Python Virtual Environments

Virtual environments allow you to install additional Python packages and create an isolated runtime environment. We recommend using virtualenv for this purpose.

Hint

We recommend to use workspaces for your virtual environments.

Example: Creating a virtual environment and installing torchvision package

As first step, you should create a workspace

marie@login.alpha$ srun --nodes=1 --cpus-per-task=1 --gres=gpu:1 --time=01:00:00 --pty bash -l
marie@alpha$ ws_allocate --name python_virtual_environment --duration 1
Info: creating workspace.
/horse/ws/marie-python_virtual_environment
remaining extensions  : 2
remaining time in days: 1

Now, you can load the desired modules and create a virtual environment within the allocated workspace.

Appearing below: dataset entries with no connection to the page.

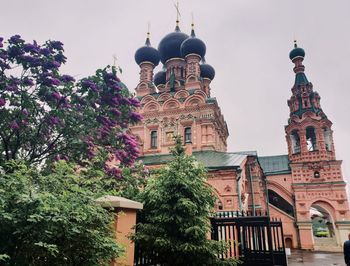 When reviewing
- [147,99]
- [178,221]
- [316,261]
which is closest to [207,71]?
[147,99]

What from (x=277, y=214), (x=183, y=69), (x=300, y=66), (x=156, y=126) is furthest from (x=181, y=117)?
(x=300, y=66)

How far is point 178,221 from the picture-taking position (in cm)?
587

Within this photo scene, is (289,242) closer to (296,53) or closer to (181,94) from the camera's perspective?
(181,94)

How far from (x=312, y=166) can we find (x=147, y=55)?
18.8 meters

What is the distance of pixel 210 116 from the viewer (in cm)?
2247

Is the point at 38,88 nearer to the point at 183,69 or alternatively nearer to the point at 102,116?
the point at 102,116

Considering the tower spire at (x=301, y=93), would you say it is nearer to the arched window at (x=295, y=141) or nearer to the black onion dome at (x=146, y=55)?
the arched window at (x=295, y=141)

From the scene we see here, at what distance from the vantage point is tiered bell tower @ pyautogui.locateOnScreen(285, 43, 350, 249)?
2358cm

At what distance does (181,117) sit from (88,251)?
66.5ft

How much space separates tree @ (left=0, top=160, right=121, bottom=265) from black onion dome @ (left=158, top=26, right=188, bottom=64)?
85.7 ft

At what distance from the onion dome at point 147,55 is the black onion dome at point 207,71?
490 cm

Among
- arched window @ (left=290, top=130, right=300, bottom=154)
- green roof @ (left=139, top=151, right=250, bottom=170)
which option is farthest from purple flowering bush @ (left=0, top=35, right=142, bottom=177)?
arched window @ (left=290, top=130, right=300, bottom=154)

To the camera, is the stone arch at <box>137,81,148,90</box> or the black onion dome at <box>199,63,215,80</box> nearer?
the stone arch at <box>137,81,148,90</box>

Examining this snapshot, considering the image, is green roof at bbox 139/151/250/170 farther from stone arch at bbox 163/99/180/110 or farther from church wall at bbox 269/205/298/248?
church wall at bbox 269/205/298/248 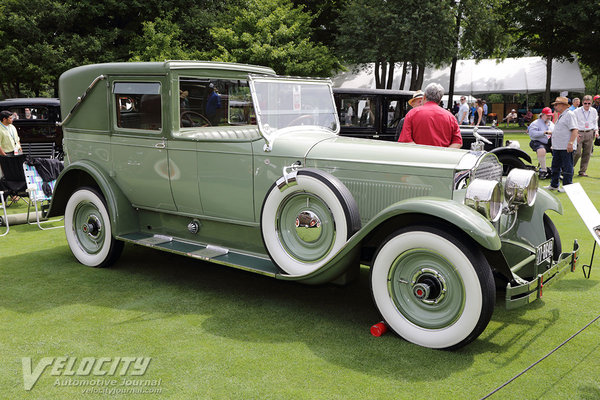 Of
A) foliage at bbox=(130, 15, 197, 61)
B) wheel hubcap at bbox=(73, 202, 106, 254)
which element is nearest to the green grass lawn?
wheel hubcap at bbox=(73, 202, 106, 254)

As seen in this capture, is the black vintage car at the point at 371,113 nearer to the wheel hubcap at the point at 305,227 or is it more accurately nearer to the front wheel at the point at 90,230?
the front wheel at the point at 90,230

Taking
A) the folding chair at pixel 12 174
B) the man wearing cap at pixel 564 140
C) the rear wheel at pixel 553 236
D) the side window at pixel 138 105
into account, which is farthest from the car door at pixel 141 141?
the man wearing cap at pixel 564 140

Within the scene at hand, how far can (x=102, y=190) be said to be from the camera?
516 centimetres

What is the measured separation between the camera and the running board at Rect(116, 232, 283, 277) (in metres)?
4.15

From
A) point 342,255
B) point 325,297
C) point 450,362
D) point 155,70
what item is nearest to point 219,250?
point 325,297

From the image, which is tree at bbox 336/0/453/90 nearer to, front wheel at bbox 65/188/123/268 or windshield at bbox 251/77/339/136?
windshield at bbox 251/77/339/136

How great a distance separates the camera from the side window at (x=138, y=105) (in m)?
4.84

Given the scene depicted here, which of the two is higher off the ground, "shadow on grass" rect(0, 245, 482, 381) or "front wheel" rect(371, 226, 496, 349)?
"front wheel" rect(371, 226, 496, 349)

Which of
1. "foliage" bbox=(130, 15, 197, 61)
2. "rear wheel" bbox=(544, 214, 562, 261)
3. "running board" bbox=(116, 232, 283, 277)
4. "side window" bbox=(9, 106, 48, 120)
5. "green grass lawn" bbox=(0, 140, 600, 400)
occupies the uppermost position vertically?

marie@alpha$ module load release/23.04 GCCcore/11.3.0 GCC/11.3.0 OpenMPI/4.1.4 Python/3.10.4
Module GCC/11.3.0, OpenMPI/4.1.4, Python/3.10.4 and 21 dependencies loaded.
marie@alpha$ module load PyTorch/1.12.1-CUDA-11.7.0
Module PyTorch/1.12.1-CUDA-11.7.0 and 42 dependencies loaded.
marie@alpha$ which python
/software/rome/r23.04/Python/3.10.4-GCCcore-11.3.0/bin/python
marie@alpha$ pip list
[...]
marie@alpha$ virtualenv --system-site-packages /data/horse/ws/marie-python_virtual_environment/my-torch-env
created virtual environment CPython3.8.6.final.0-64 in 42960ms
  creator CPython3Posix(dest=/horse/.global1/ws/marie-python_virtual_environment/my-torch-env, clear=False, global=True)
  seeder FromAppData(download=False, pip=bundle, setuptools=bundle, wheel=bundle, via=copy, app_data_dir=~/.local/share/virtualenv)
    added seed packages: pip==21.1.3, setuptools==57.2.0, wheel==0.36.2
  activators BashActivator,CShellActivator,FishActivator,PowerShellActivator,PythonActivator,XonshActivator
marie@alpha$ source /data/horse/ws/marie-python_virtual_environment/my-torch-env/bin/activate
(my-torch-env) marie@alpha$ pip install torchvision==0.13.1
[...]
Installing collected packages: torchvision
Successfully installed torchvision-0.13.1
[...]
(my-torch-env) marie@alpha$ python -c "import torchvision; print(torchvision.__version__)"
0.13.1+cu102
(my-torch-env) marie@alpha$ deactivate

JupyterHub

JupyterHub can be used to run Jupyter notebooks on Alpha Centauri cluster. You can either use the standard profiles for Alpha or use the advanced form and define the resources for your JupyterHub job. The "Alpha GPU (NVIDIA Ampere A100)" preset is a good starting configuration.

Containers

Singularity containers enable users to have full control of their software environment. For more information, see the Singularity container details.

Nvidia NGC containers can be used as an effective solution for machine learning related tasks. (Downloading containers requires registration). Nvidia-prepared containers with software solutions for specific scientific problems can simplify the deployment of deep learning workloads on HPC. NGC containers have shown consistent performance compared to directly run code.